- Task brief -
Give the entries again exactly, every one of them.
===
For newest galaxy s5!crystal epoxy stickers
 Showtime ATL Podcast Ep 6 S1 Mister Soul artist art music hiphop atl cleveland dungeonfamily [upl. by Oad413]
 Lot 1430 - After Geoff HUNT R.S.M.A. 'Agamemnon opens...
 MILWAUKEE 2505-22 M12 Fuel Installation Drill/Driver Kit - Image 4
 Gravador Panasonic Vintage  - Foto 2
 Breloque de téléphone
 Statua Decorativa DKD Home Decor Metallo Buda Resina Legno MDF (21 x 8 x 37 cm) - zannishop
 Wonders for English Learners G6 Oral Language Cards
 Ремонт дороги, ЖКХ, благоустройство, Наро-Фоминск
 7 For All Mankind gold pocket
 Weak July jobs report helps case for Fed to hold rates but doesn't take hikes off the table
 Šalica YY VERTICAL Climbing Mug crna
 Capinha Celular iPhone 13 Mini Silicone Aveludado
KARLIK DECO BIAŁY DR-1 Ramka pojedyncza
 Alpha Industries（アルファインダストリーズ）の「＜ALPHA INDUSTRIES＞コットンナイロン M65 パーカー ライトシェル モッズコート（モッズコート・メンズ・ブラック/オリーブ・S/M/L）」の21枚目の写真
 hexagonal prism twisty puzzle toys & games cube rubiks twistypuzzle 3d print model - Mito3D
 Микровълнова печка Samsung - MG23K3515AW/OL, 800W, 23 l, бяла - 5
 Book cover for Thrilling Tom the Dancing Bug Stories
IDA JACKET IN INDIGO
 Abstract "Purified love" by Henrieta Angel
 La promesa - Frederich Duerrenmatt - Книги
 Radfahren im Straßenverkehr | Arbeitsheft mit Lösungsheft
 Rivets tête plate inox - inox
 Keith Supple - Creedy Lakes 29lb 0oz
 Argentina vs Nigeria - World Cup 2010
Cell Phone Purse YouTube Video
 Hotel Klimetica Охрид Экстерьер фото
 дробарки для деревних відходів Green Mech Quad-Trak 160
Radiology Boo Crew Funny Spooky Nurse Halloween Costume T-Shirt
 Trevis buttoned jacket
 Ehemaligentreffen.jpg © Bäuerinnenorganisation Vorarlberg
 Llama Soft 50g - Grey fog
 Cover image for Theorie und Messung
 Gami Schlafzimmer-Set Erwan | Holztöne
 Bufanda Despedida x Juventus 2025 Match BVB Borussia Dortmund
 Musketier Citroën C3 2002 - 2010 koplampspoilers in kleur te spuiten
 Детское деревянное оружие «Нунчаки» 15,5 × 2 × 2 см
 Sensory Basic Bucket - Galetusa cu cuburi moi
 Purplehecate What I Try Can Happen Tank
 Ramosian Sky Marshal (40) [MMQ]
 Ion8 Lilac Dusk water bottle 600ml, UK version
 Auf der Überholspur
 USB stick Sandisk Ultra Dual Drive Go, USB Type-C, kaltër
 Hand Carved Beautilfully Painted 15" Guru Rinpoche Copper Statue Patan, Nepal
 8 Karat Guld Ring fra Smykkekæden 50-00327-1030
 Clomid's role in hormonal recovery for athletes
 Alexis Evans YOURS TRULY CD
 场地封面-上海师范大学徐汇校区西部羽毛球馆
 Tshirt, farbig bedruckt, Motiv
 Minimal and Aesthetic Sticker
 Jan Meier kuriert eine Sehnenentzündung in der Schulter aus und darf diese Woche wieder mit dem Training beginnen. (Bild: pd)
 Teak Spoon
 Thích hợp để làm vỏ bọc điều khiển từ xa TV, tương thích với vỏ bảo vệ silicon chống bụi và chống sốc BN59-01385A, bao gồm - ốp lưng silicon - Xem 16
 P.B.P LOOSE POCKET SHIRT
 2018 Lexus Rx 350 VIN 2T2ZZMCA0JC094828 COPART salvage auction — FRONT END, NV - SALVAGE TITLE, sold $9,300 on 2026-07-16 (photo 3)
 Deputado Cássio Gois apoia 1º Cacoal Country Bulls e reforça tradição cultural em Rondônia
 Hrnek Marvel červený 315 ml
===
- Response to this task -
For newest galaxy s5!crystal epoxy stickers
 Showtime ATL Podcast Ep 6 S1 Mister Soul artist art music hiphop atl cleveland dungeonfamily [upl. by Oad413]
 Lot 1430 - After Geoff HUNT R.S.M.A. 'Agamemnon opens...
 MILWAUKEE 2505-22 M12 Fuel Installation Drill/Driver Kit - Image 4
 Gravador Panasonic Vintage  - Foto 2
 Breloque de téléphone
 Statua Decorativa DKD Home Decor Metallo Buda Resina Legno MDF (21 x 8 x 37 cm) - zannishop
 Wonders for English Learners G6 Oral Language Cards
 Ремонт дороги, ЖКХ, благоустройство, Наро-Фоминск
 7 For All Mankind gold pocket
 Weak July jobs report helps case for Fed to hold rates but doesn't take hikes off the table
 Šalica YY VERTICAL Climbing Mug crna
 Capinha Celular iPhone 13 Mini Silicone Aveludado
KARLIK DECO BIAŁY DR-1 Ramka pojedyncza
 Alpha Industries（アルファインダストリーズ）の「＜ALPHA INDUSTRIES＞コットンナイロン M65 パーカー ライトシェル モッズコート（モッズコート・メンズ・ブラック/オリーブ・S/M/L）」の21枚目の写真
 hexagonal prism twisty puzzle toys & games cube rubiks twistypuzzle 3d print model - Mito3D
 Микровълнова печка Samsung - MG23K3515AW/OL, 800W, 23 l, бяла - 5
 Book cover for Thrilling Tom the Dancing Bug Stories
IDA JACKET IN INDIGO
 Abstract "Purified love" by Henrieta Angel
 La promesa - Frederich Duerrenmatt - Книги
 Radfahren im Straßenverkehr | Arbeitsheft mit Lösungsheft
 Rivets tête plate inox - inox
 Keith Supple - Creedy Lakes 29lb 0oz
 Argentina vs Nigeria - World Cup 2010
Cell Phone Purse YouTube Video
 Hotel Klimetica Охрид Экстерьер фото
 дробарки для деревних відходів Green Mech Quad-Trak 160
Radiology Boo Crew Funny Spooky Nurse Halloween Costume T-Shirt
 Trevis buttoned jacket
 Ehemaligentreffen.jpg © Bäuerinnenorganisation Vorarlberg
 Llama Soft 50g - Grey fog
 Cover image for Theorie und Messung
 Gami Schlafzimmer-Set Erwan | Holztöne
 Bufanda Despedida x Juventus 2025 Match BVB Borussia Dortmund
 Musketier Citroën C3 2002 - 2010 koplampspoilers in kleur te spuiten
 Детское деревянное оружие «Нунчаки» 15,5 × 2 × 2 см
 Sensory Basic Bucket - Galetusa cu cuburi moi
 Purplehecate What I Try Can Happen Tank
 Ramosian Sky Marshal (40) [MMQ]
 Ion8 Lilac Dusk water bottle 600ml, UK version
 Auf der Überholspur
 USB stick Sandisk Ultra Dual Drive Go, USB Type-C, kaltër
 Hand Carved Beautilfully Painted 15" Guru Rinpoche Copper Statue Patan, Nepal
 8 Karat Guld Ring fra Smykkekæden 50-00327-1030
 Clomid's role in hormonal recovery for athletes
 Alexis Evans YOURS TRULY CD
 场地封面-上海师范大学徐汇校区西部羽毛球馆
 Tshirt, farbig bedruckt, Motiv
 Minimal and Aesthetic Sticker
 Jan Meier kuriert eine Sehnenentzündung in der Schulter aus und darf diese Woche wieder mit dem Training beginnen. (Bild: pd)
 Teak Spoon
 Thích hợp để làm vỏ bọc điều khiển từ xa TV, tương thích với vỏ bảo vệ silicon chống bụi và chống sốc BN59-01385A, bao gồm - ốp lưng silicon - Xem 16
 P.B.P LOOSE POCKET SHIRT
 2018 Lexus Rx 350 VIN 2T2ZZMCA0JC094828 COPART salvage auction — FRONT END, NV - SALVAGE TITLE, sold $9,300 on 2026-07-16 (photo 3)
 Deputado Cássio Gois apoia 1º Cacoal Country Bulls e reforça tradição cultural em Rondônia
 Hrnek Marvel červený 315 ml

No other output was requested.